> WHAT YOU NEED TO DO
Copy out exactly, from the entries that follow, the line holding "Doks vijenac crne boje za odrasle i djecu", the line holding "Disney•Pixar's Toy Story", and all lines between them, but no pictures.

> DATA FOR REVIEW

━━━━━━━━

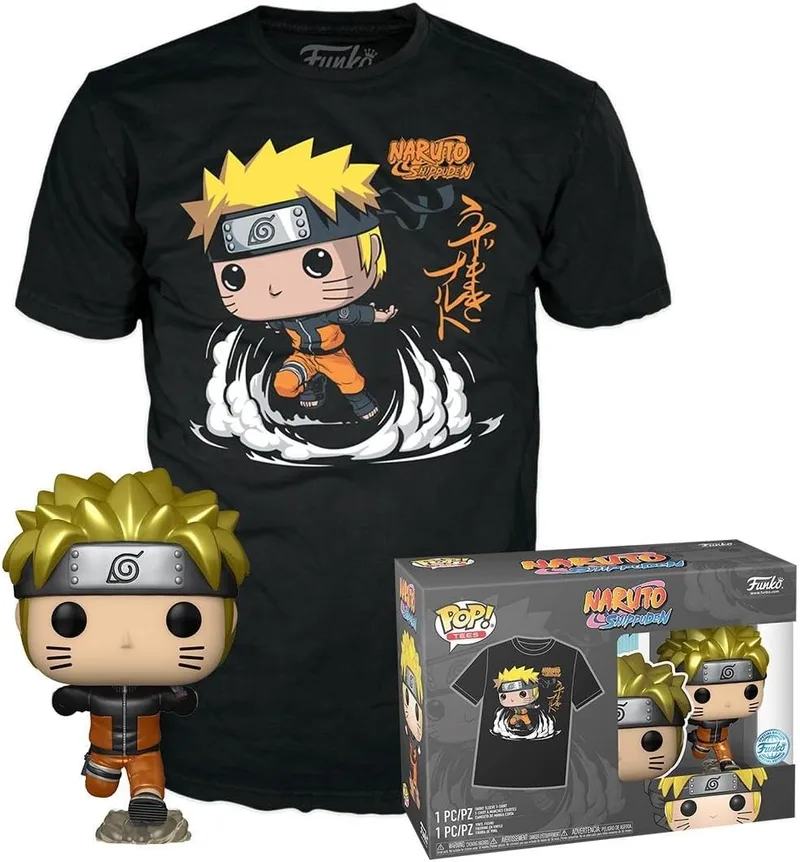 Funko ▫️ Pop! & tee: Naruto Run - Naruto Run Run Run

━━━━━━━━

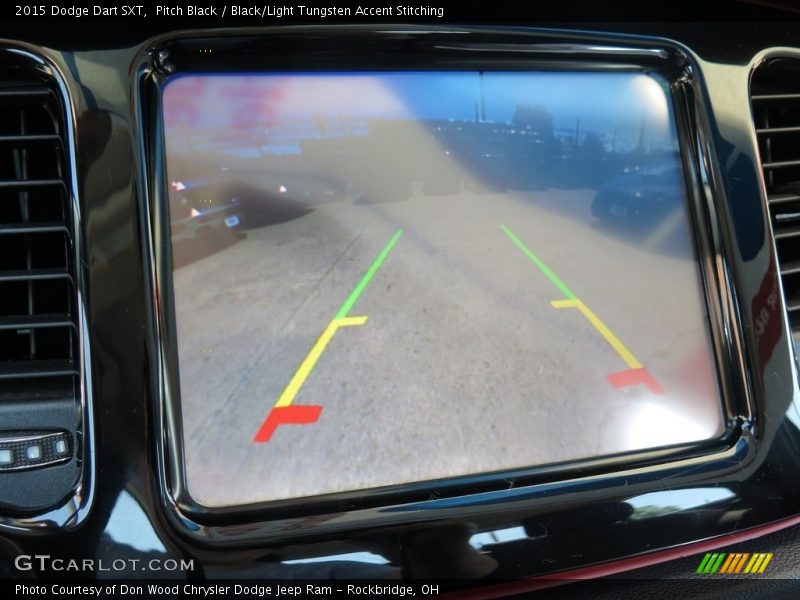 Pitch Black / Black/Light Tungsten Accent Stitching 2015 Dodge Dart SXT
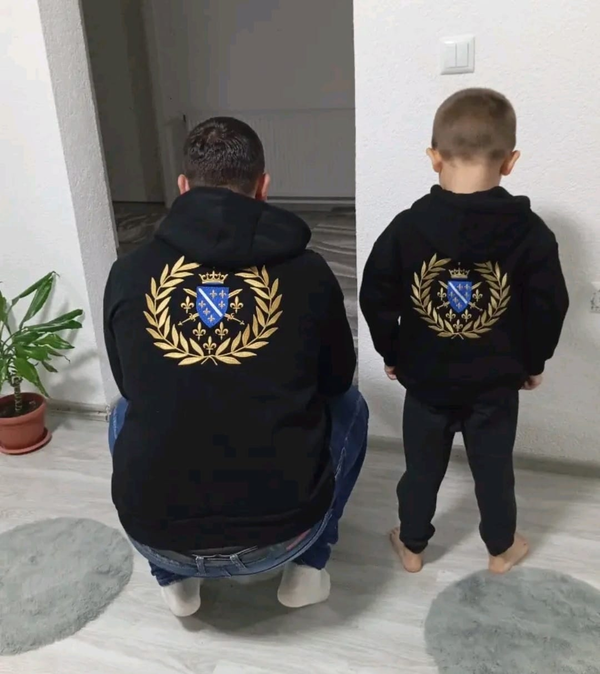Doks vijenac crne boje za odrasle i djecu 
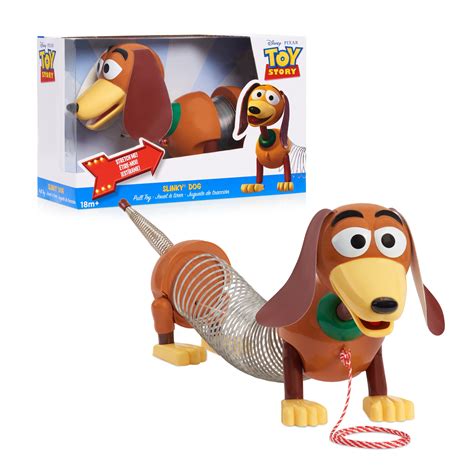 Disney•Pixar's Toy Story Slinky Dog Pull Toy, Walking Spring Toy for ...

━━━━━━━━

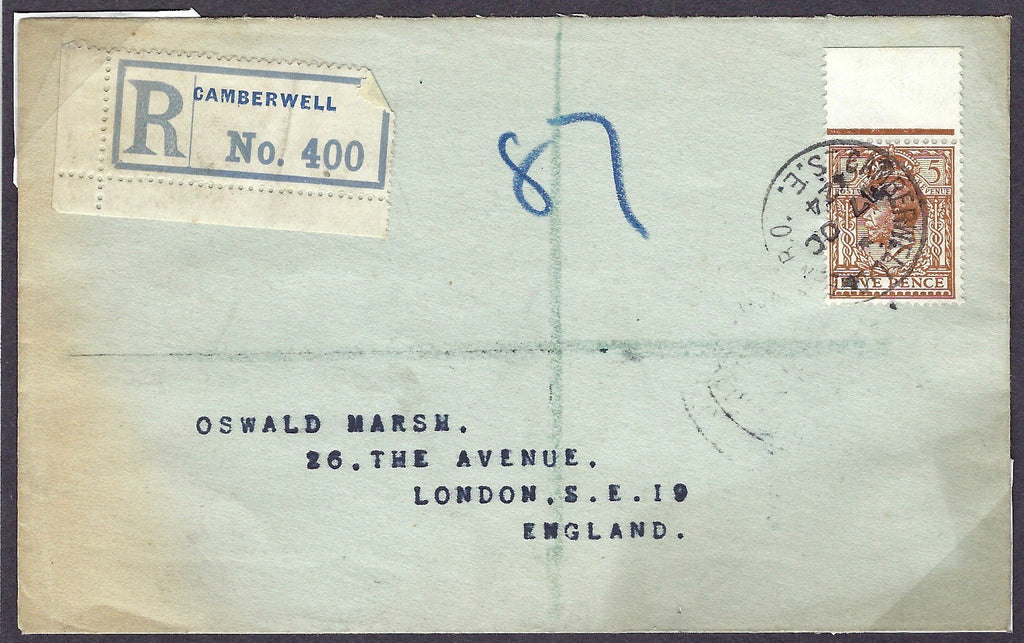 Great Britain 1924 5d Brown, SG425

━━━━━━━━

> ANSWER FOR THE TASK
Doks vijenac crne boje za odrasle i djecu 
 Disney•Pixar's Toy Story Slinky Dog Pull Toy, Walking Spring Toy for ...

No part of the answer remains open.